In some ways this part of my story is the easiest for me to write. Mainly because this part of the story isn’t really mine, mine begins later. This part of my story belongs to my friends who cried at my bedside. This part of my story belongs to our church family that surrounded my parents in the most desperate moments of their lives. This part of the story belongs to strangers who prayed for me all over the country without knowing who I was. But mostly this part of my story belongs to my dad, my mom and my sister. It’s a story of tears, strength, surrender and hope.
I mentioned in my last post that I graduated from high school early and went to serve with YWAM in Los Angeles. I had gotten home late June and going to start college in the fall. Last minute I had gotten a job at a YMCA camp. I was a lifeguard.
Before I go further, let me pause and explain about my relationship with the sun at this point. I LOVED getting sunburnt. I loved the feeling of lying in bed at night with the heat radiating off my back. I had just spend the last six months in California, Mexico and Belize. On top of that, since arriving home, I had spent my days in the sun as a lifeguard. I could probably pass as someone from Central America. This is relevant, I promise.
I woke up one day in early August with a stomach ache. Over the years I have tried to remember what made this particular stomach ache different from any other. All I know is that It was different enough that I called in sick and went to the doctor. The doctor told me that I was constipated-great! I had the rest of the day off so I went to visit a friend. The details at this point start to get a bit fuzzy. I’ve been told that at this point my liver had begun to shut down and I was slowly putting myself in a coma. I drove home early that night because I didn’t feel good.
I kept getting sicker over the weekend. I honestly don’t remember if I threw up, had a fever or just stuck in bed. On Sunday, I decided I needed to get out of the house-I had to go back to work on Monday. I went to my grandma’s. When I walked in the door, she said “Lisa, your eyes are yellow.” At this point in my life jaundice was not a word I had ever heard before. So it was just “yellow”. (This is where the fact that I was super tan becomes important to remember). I went into her bathroom, pulled up my shirt-she was right. Not only were my eyes yellow, my skin was yellow too. You see, I was so tan that I didn’t notice how yellow my skin was. I quickly learned, you don’t want yellow skin.
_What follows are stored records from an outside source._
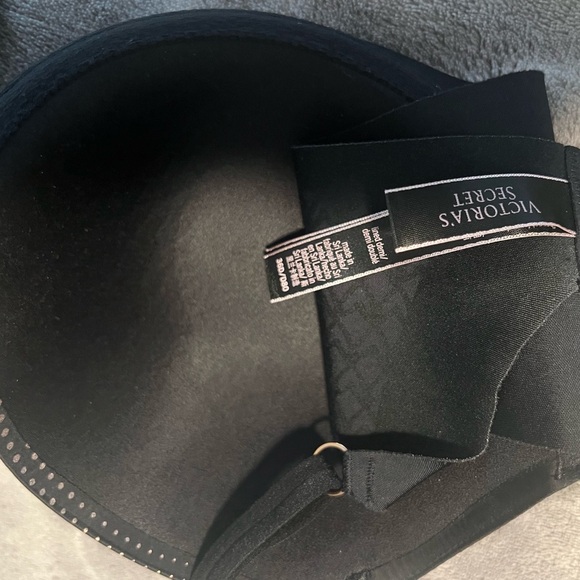 Victoria Secret Very Sexy Black Bra with Gold Polka Dots - Picture 3 of 3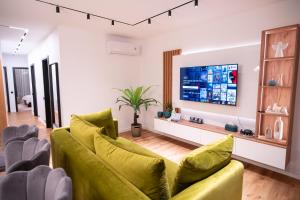 TV a/nebo společenská místnost v ubytování Jacuzzi & Sauna Skyview + 37 fotografií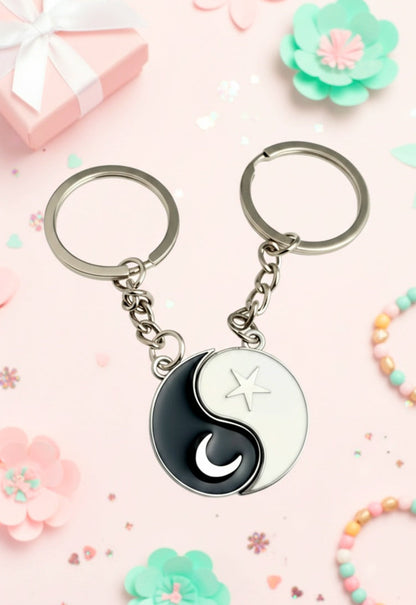 Llaveros compartidos Yin Yang,  presentados sobre fondo de colores pastel con luces de fondo.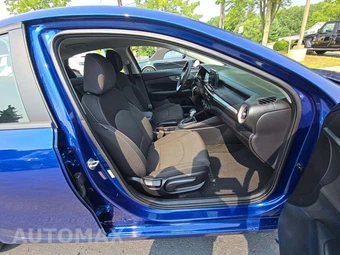 2020 Kia Forte LXS - miniatura 15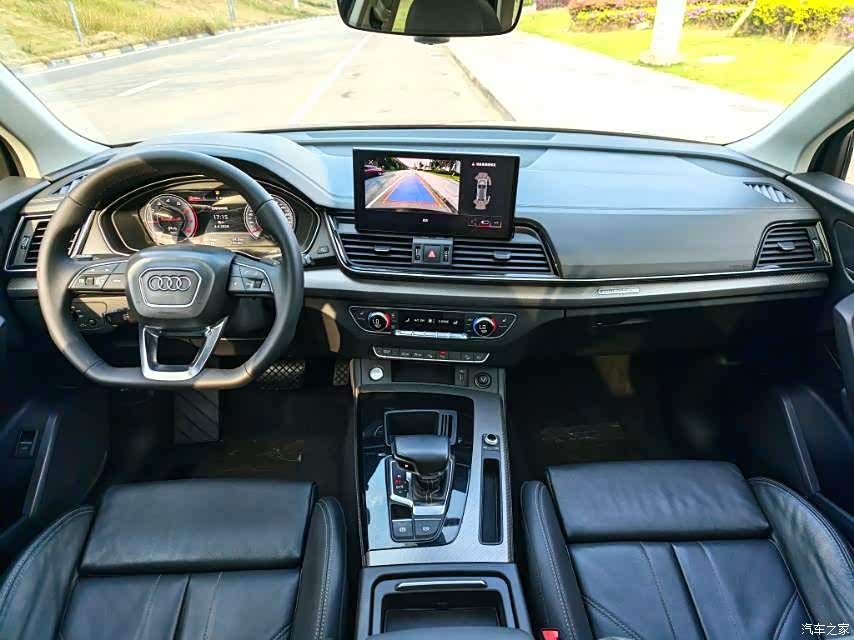 Audi Q5L, 2021 все фото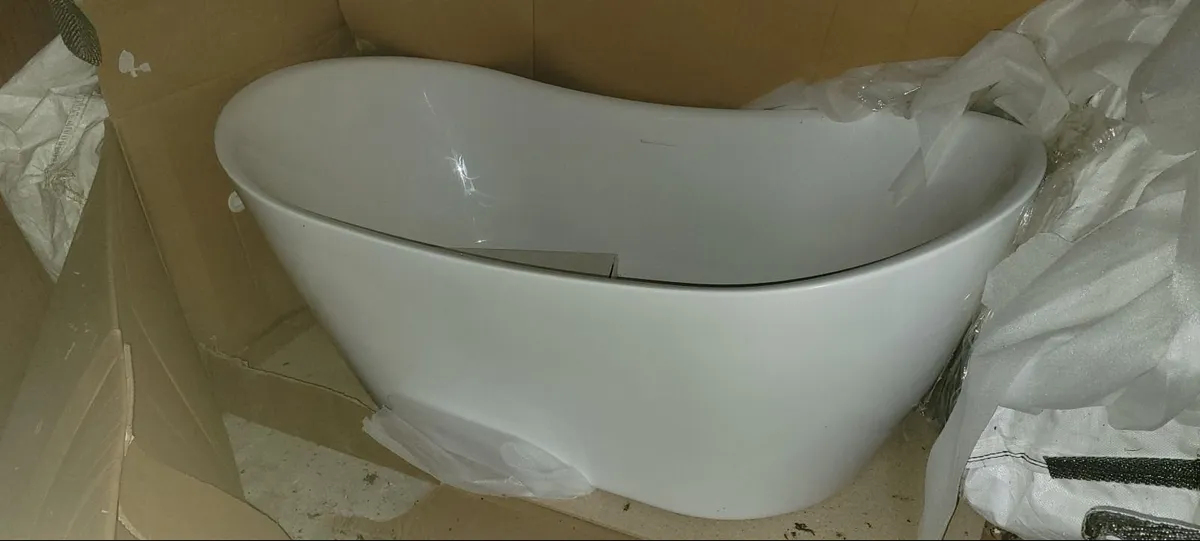 Sonas bath tub - Image 2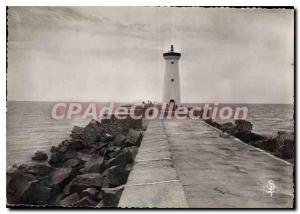 Modern Postcard Le Grau D'Agde and La Jetee Le Phare De La Rive Gauche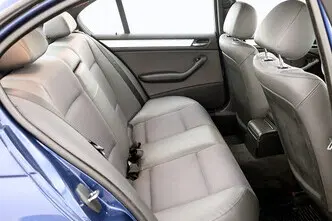 BMW 318, 2.0, 105 kW, бензин, автомат, задний привод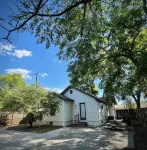 LadyFace Cottage: close to Magnolia & Baylor! - บังกะโล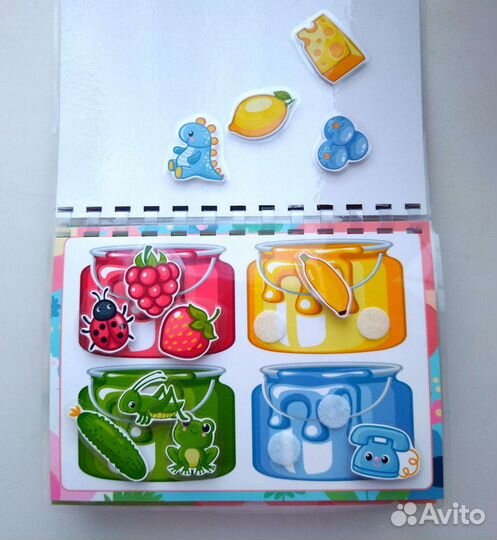 Развивающая книжка на липучках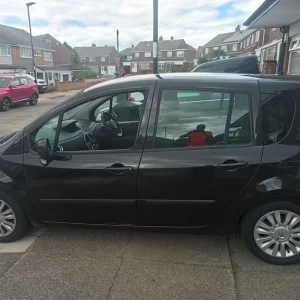GRAND MODUS, Hatchback, 2011, Manual, 1461 (cc), 5 doors - Image 7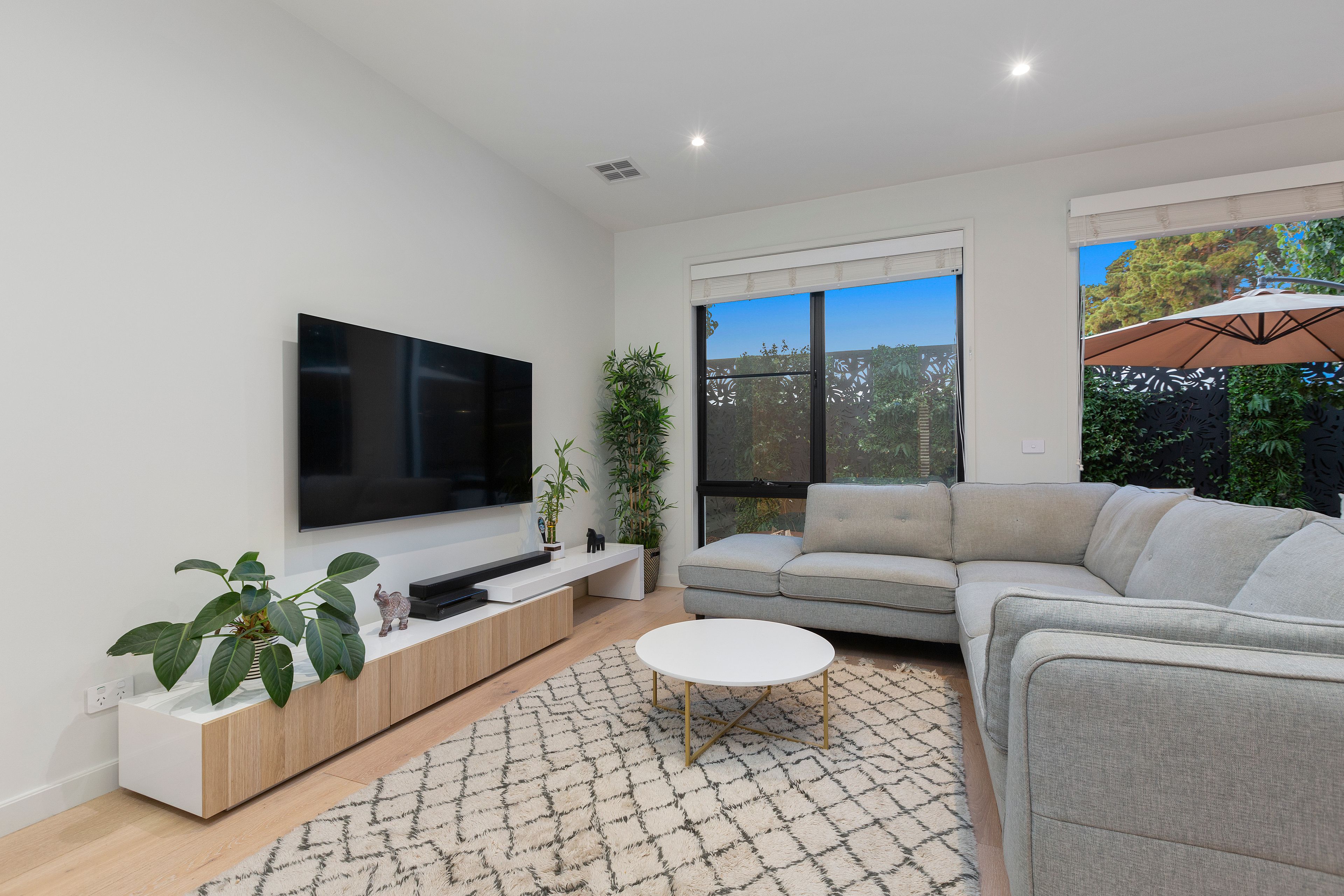 4 Monterey Drive, Cheltenham, VIC 3192
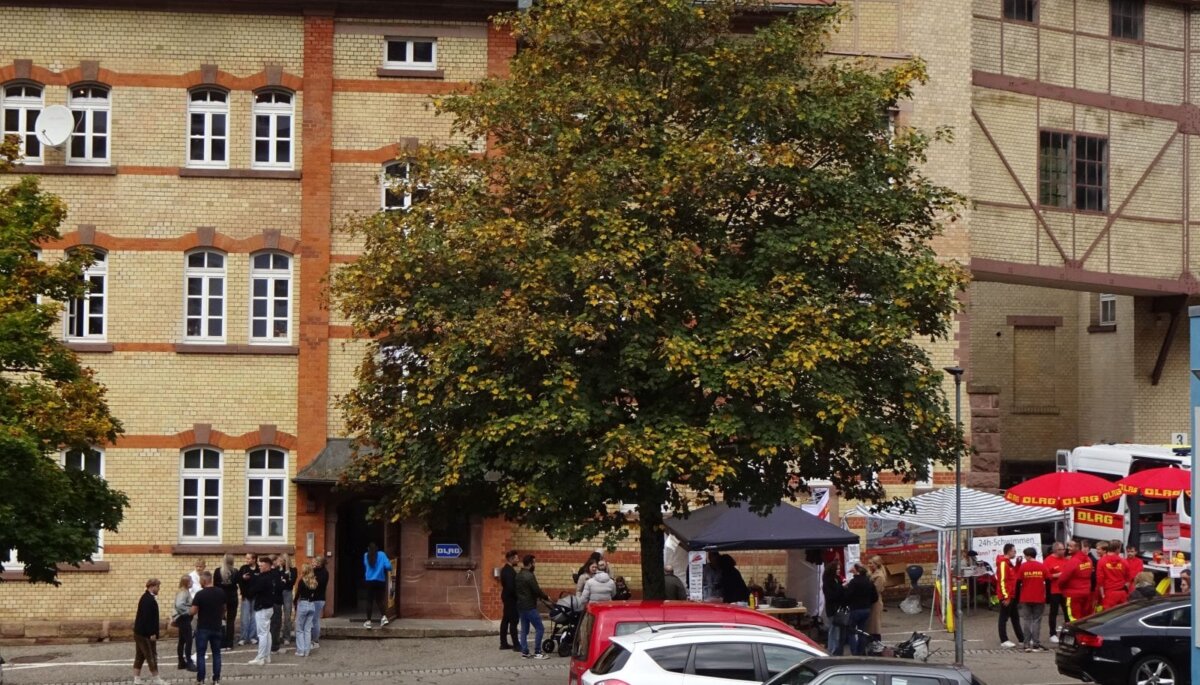 Beim Tag der offenen Tür vor dem Haus der Vereine herrschte reger Betrieb. Foto: rim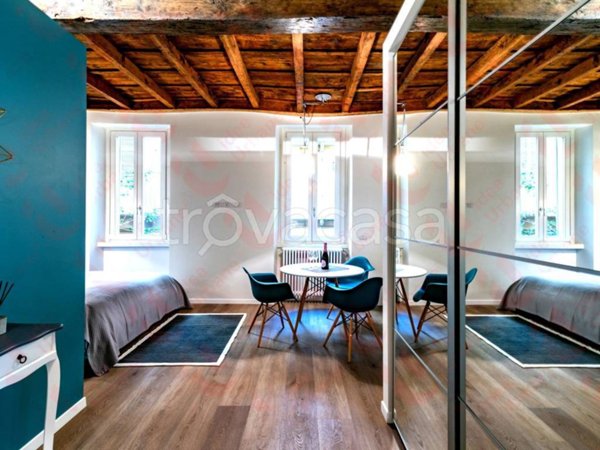 appartamento in vendita a Milano in zona Porta Garibaldi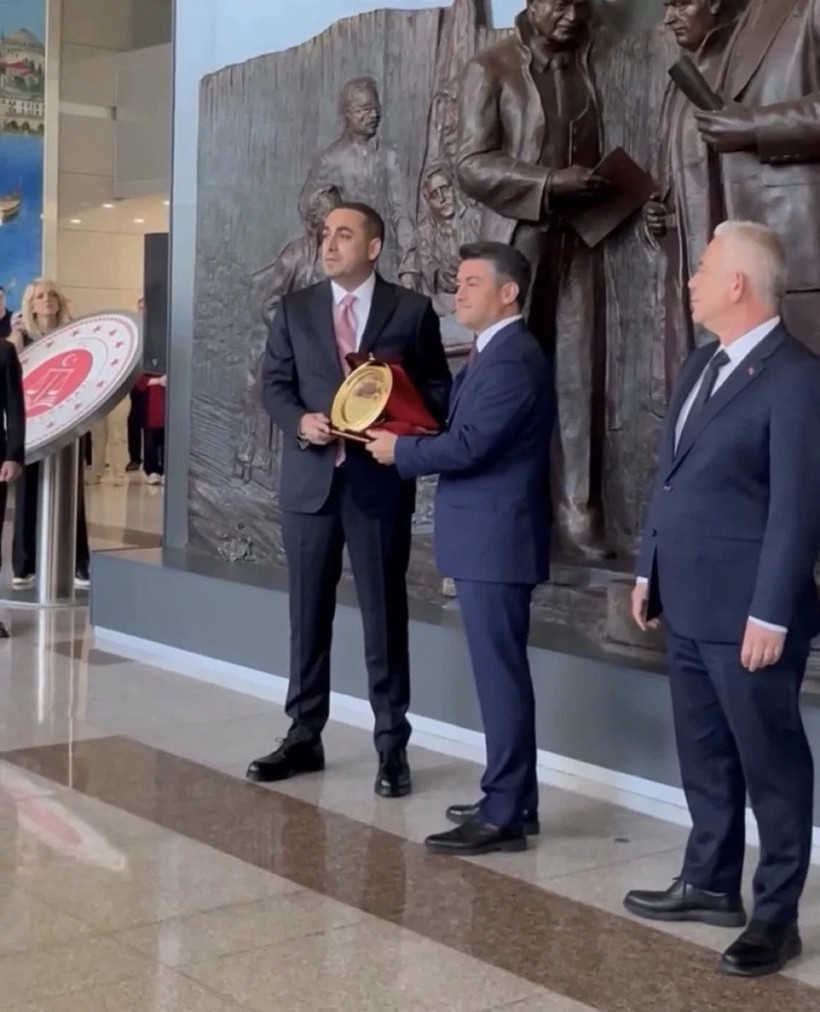 İstanbul Adliyesi’nde veda: Aykut Çelik yeni görevine uğurlandı! Çelik: Mesleğin en zor tarafı güzel insanları geride bırakmak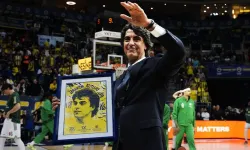 İbrahim Kutluay Fenerbahçe’de tarihe geçti: Ülker Arena’da duygusal tören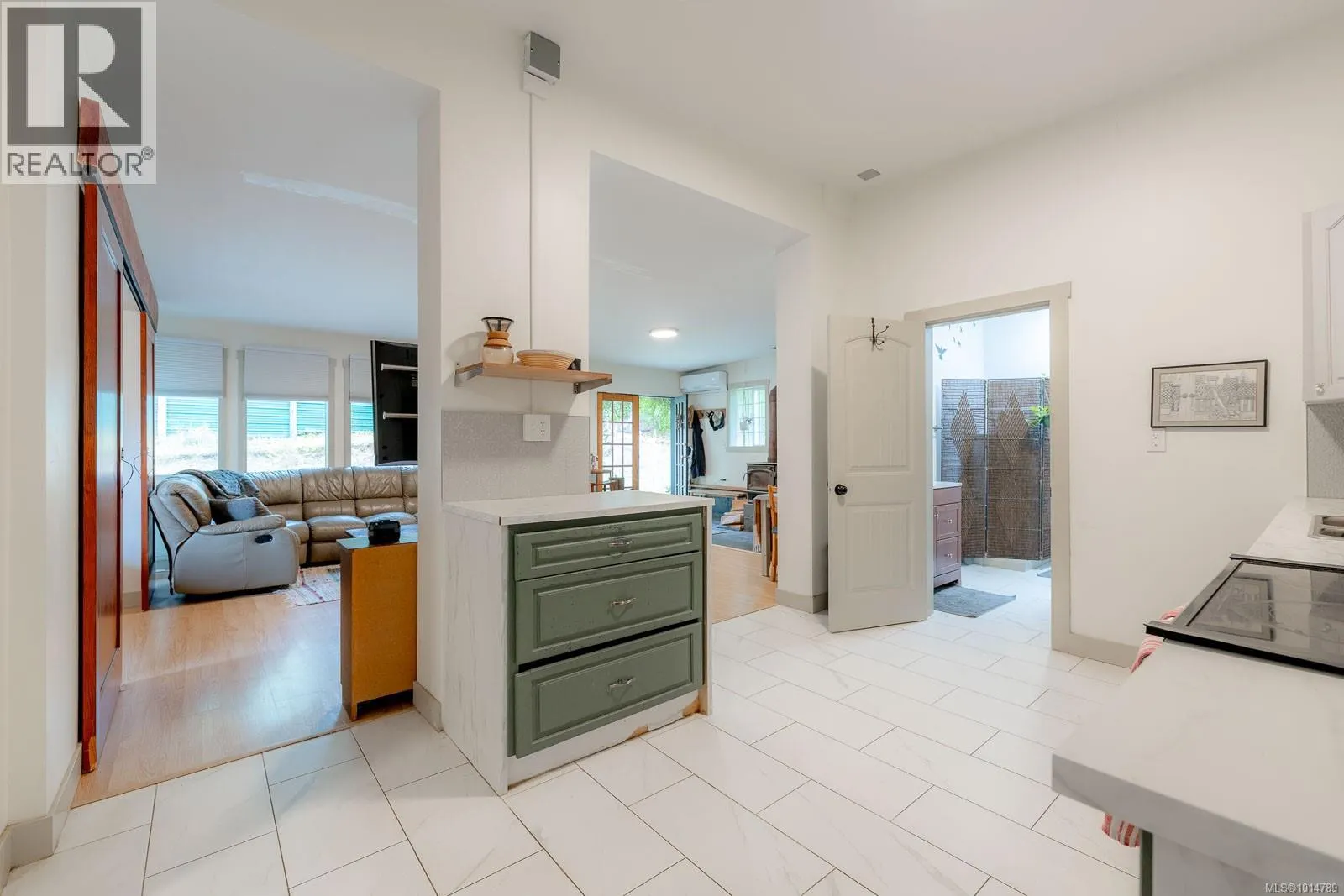 3585 Glenora Rd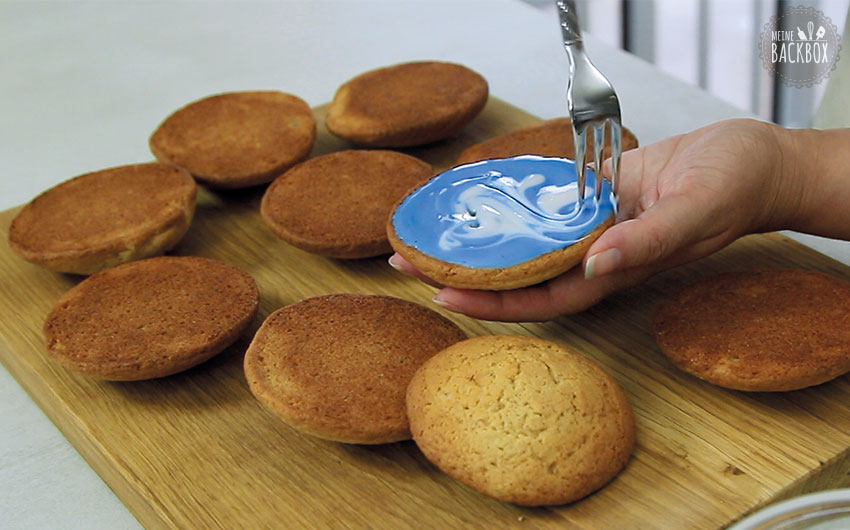 Amerikaner Rezept: Blaue Glasur mit weißer Glasur verswirlen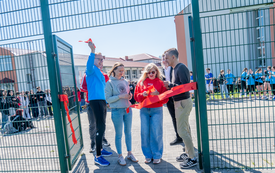 Nowe boisko przy liceum oddane do użytku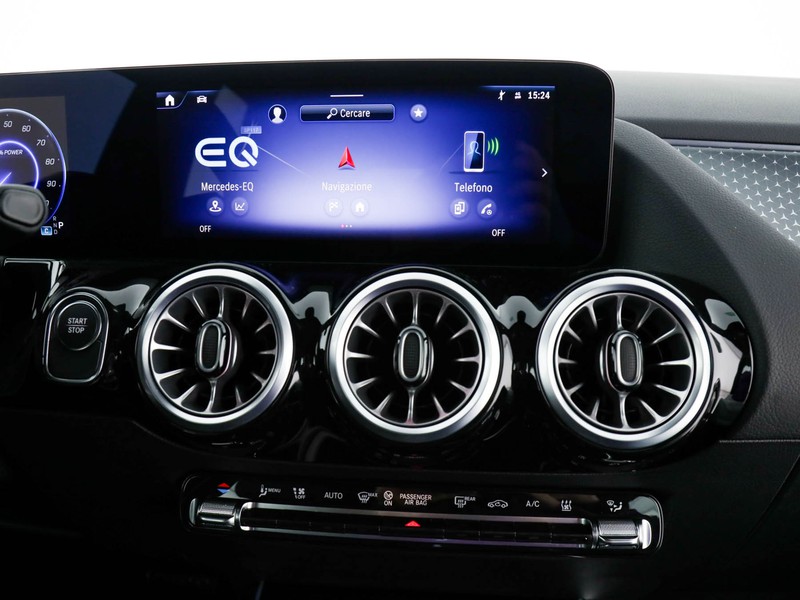 Mercedes EQA 250+  nero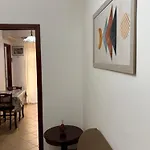 Veterani House 33 チェファル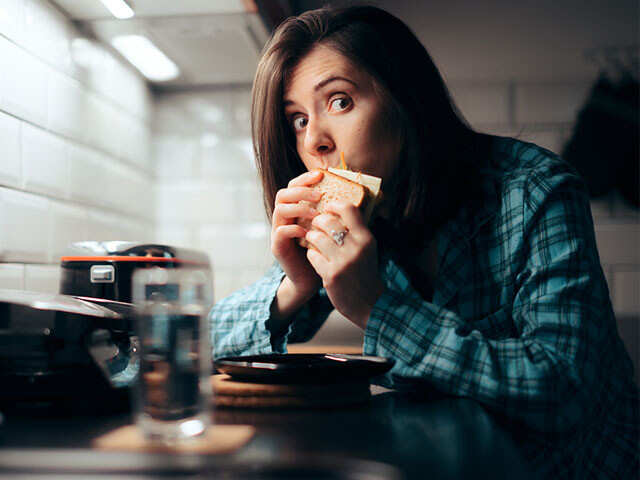 Expert Guide To Curbing Midnight Food Cravings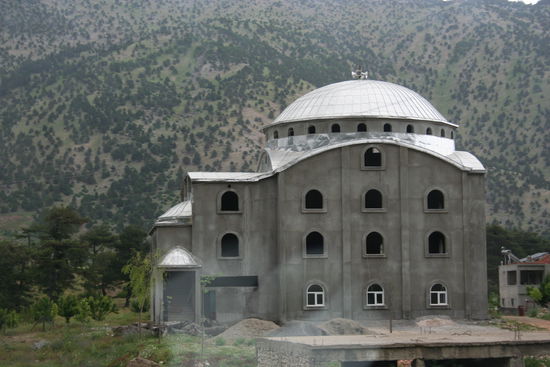 Eine von den vielen unfertigen Moschee.
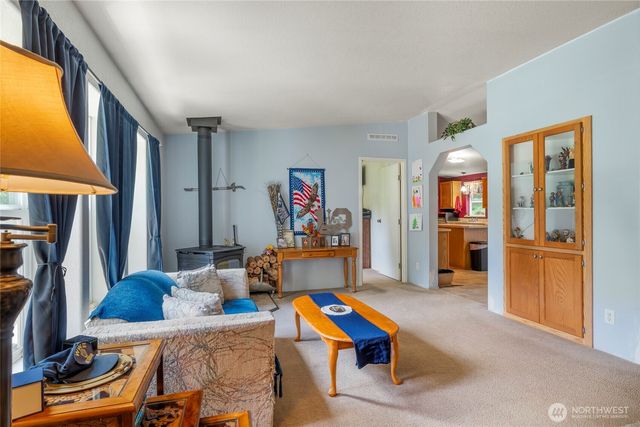 22221 S Forest Loop Road, Granite Falls, WA 98252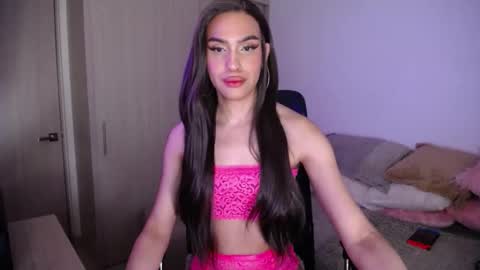 Snapshot of samarasilex chatting on 6, 10, 2025 Samara Silex online show from 6, 10, 2025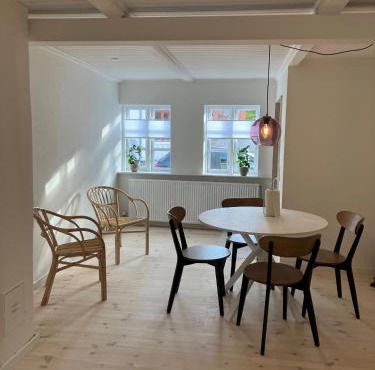 Nyrenoveret charmerende byhus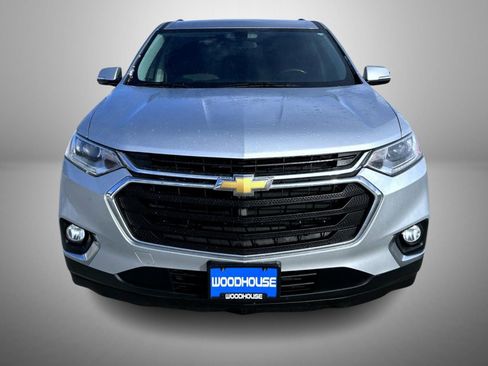 Used 2018 Chevrolet Traverse LT image 2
I went back to the doctor and this time you could say they took a better look. They told me that I had Hepatitis A, which I could have easily gotten from my trip to Belize and Mexico.
I remember nothing from this point forward.
Hepatitis A runs its course. It’s painful and awful, but you can recover from it. So the next day I began going to my doctor to get certain shots that were supposed to help. Quickly I was too weak to even get out of the car.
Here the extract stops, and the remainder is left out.